A Classic Analytical Technique from Investing

In investing, one always looks for long term bases on historical charts. Sometimes, you see an asset class base for a long period of time and then begin to break out from its long term base. Investing in  asset classes that break out of long term bases has been a proven strategy for huge, sustainable, long term returns.

When we see Indian history on a long term chart, we see about a 1,000 year base formed by core India, a period of consolidation. Today, we see core India beginning to break out of its long base. Today, we see an American attempt to invest in this breakout of core India.

We do not know whether this breakout of core India will be sustained. We do not know whether America will invest in this breakout for the long run or simply as a trade. But if the breakout of core India proves sustainable and if America stays with it as a long term investment, it will be a huge win for both America and India.

But successful investment in an asset class breakout requires historic study of the asset class far back,  way back before the long term base to the earlier period of highs of that asset class.
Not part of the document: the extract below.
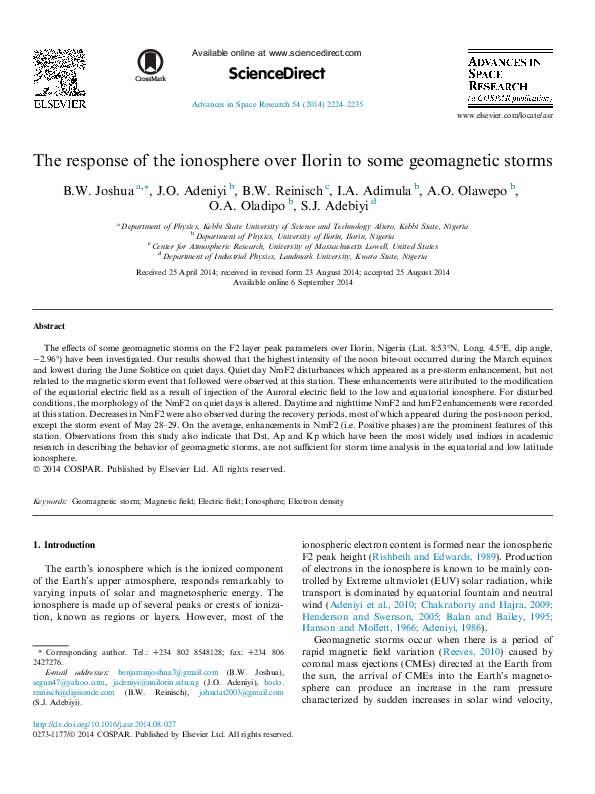 (PDF) The response of the ionosphere over Ilorin to some geomagnetic storms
In the context of “Monsoon”, it requires a study of Indian history way back to the successes of core India, the period before Muslim, Christian or even Buddhist eras. It would require jettisoning the colonial British, Portuguese or the Islamic frameworks and looking back to India of say 1,500 BCE to about 900 CE.

Without such a look back, analysts would simply repeat the mistakes of the CDO analysts of Lehman, Merrill and others of simply looking at recent history.

Robert Kaplan has made this mistake in Monsoon. We hope that he corrects it in his next work. America and India would both benefit if he does.